By the mid-1930s, Duke Ellington had enough recognition among American households for Hollywood to come calling. Paramount Pictures created a short film/vehicle for him titled, Rhapsody in Black, “the first generation of non-classically arranged orchestral scores and perhaps most importantly, one of the first films written by an African American describing African American life to reach wide distribution,” a kaleidoscopic day-in-the-life tale that comes in at under 10 minutes and features the screen debut of Billie Holiday. Depressingly, and despite his considerable fame, Ellington suffered the same bullshit that any black artist did in the 1920s and 30s. As pointed out in a 2019 article on his quiet, but steady social activism in an outlet called The Conversation, he faced racist idiocy everywhere he went (yes, even England; hence the parenthetical “mostly” above):

“Northern or western engagements in the 1930s and 1940s often proved no better. While there were no ‘white only’ signs on the doors of these hotels or restaurants, establishments enforced segregation by telling black customers to enter through back doors or purchase their meals to go.”

To close this on a (semi-) high note, Ellington had the means to rent a private rail-car for a 1934 tour of the South, an arrangement that afforded lodging for him and his band, as well as places to prepare and sit down to his own meals. He faced other challenges too - most notably, the growing popularity of the big band/swing sound. The way Duke Ellington greeted changing tastes tracks with the way he coped with touring in the South. He adapted. By the time swing came around, Ellington developed the chops to meet the shift head-on. Per a(n apparently) famous line quoted in Wikipedia:

“Jazz is music, swing is business.”

Spoken like a true, hard-headed artiste…which I’ll get into a year or so [Ed. - or so, or so] from now…

About the Sampler
After a needlessly convoluted process, I complied a sampler of 35 songs - a fair amount of which is linked to above.
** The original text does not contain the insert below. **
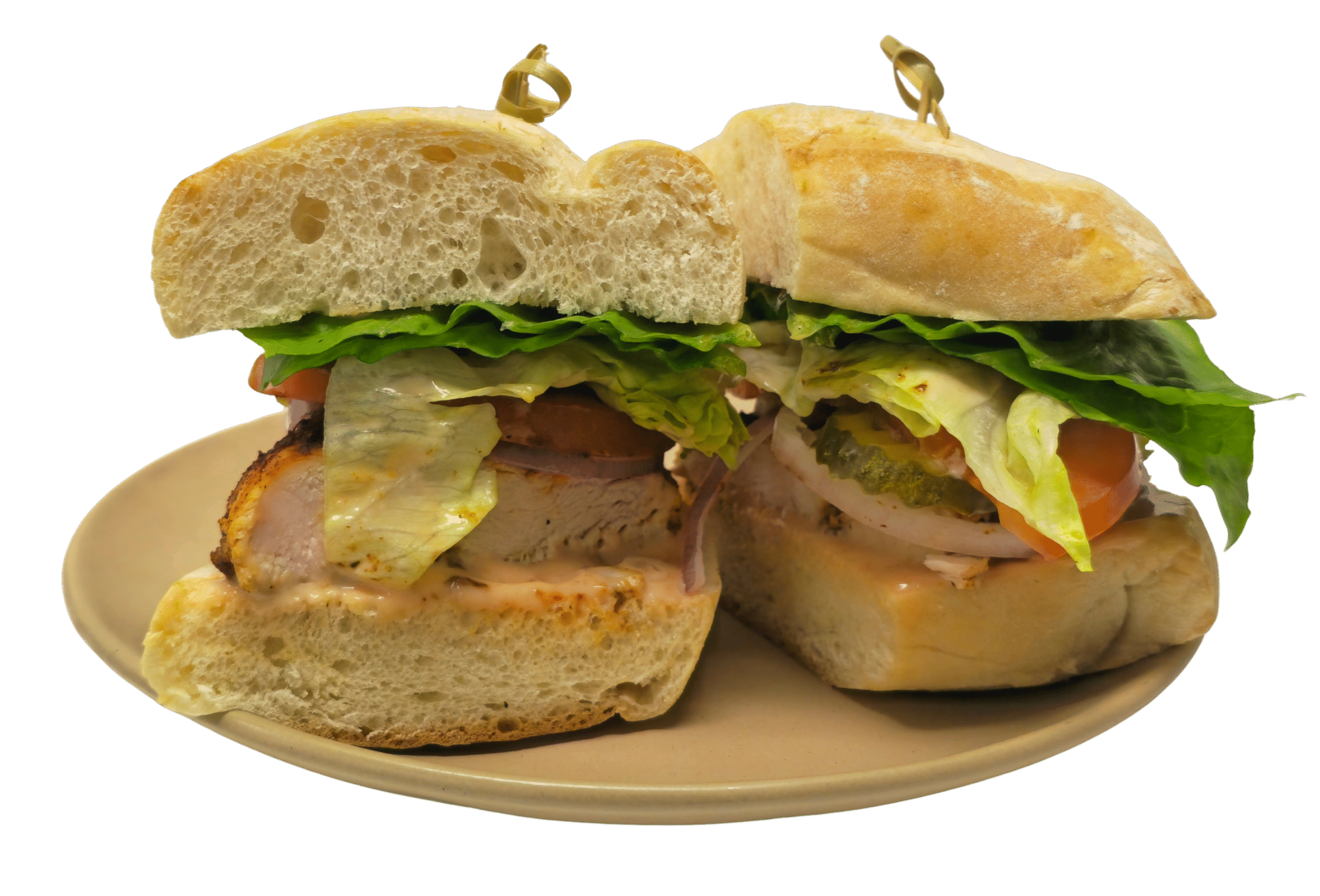 Foodking - Fast Food Restaurant WordPress Theme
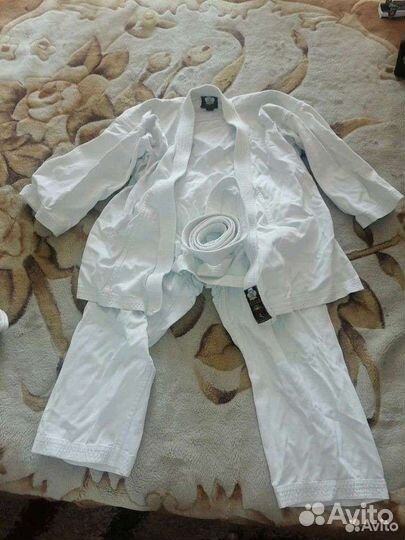 Кимоно для каратэ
I pulled most of the rest from a collection on Spotify titled, The Duke: The Columbia Years (1927-1962). For what it’s worth, I stuck to the earlier part of that collection to the best of my ability - which in no way means I succeeded (though based on what I've been pulling from Youtube, I did all right).

Apart from the songs linked to above, I expanded on the list of his best by pulling the songs I liked most from that 66-song collection. It’s all fairly random and/or personal, in other words, with no particular or known connection to any story, moment, or artistic period in Duke Ellington’s career, and I stand by it to that extent. With the bar lowered, those are: “The Mooche” (one of his hits, btw), “Slippery Horn” (early favorite), the Spanish-tinged “Caravan,” “The Gal from Joe’s” (another good one), “Prelude to a Kiss” (another hit), “Slap Happy,” “Country Gal,” “You’re Just an Old Antidisestablishmentarian” (couldn't find Duke's version), “Sultry Serenade” (couldn't pass on that title), “Stomp, Look and Listen,” “Three Cent Stomp,” “Don’t Get Around Much Anymore,” “I Can’t Believe You’re in Love with Me,” “Brown Betty,” “Blue Rose” (ft. Rosemary Clooney), and the equally long and compelling, “The Tattooed Bride.”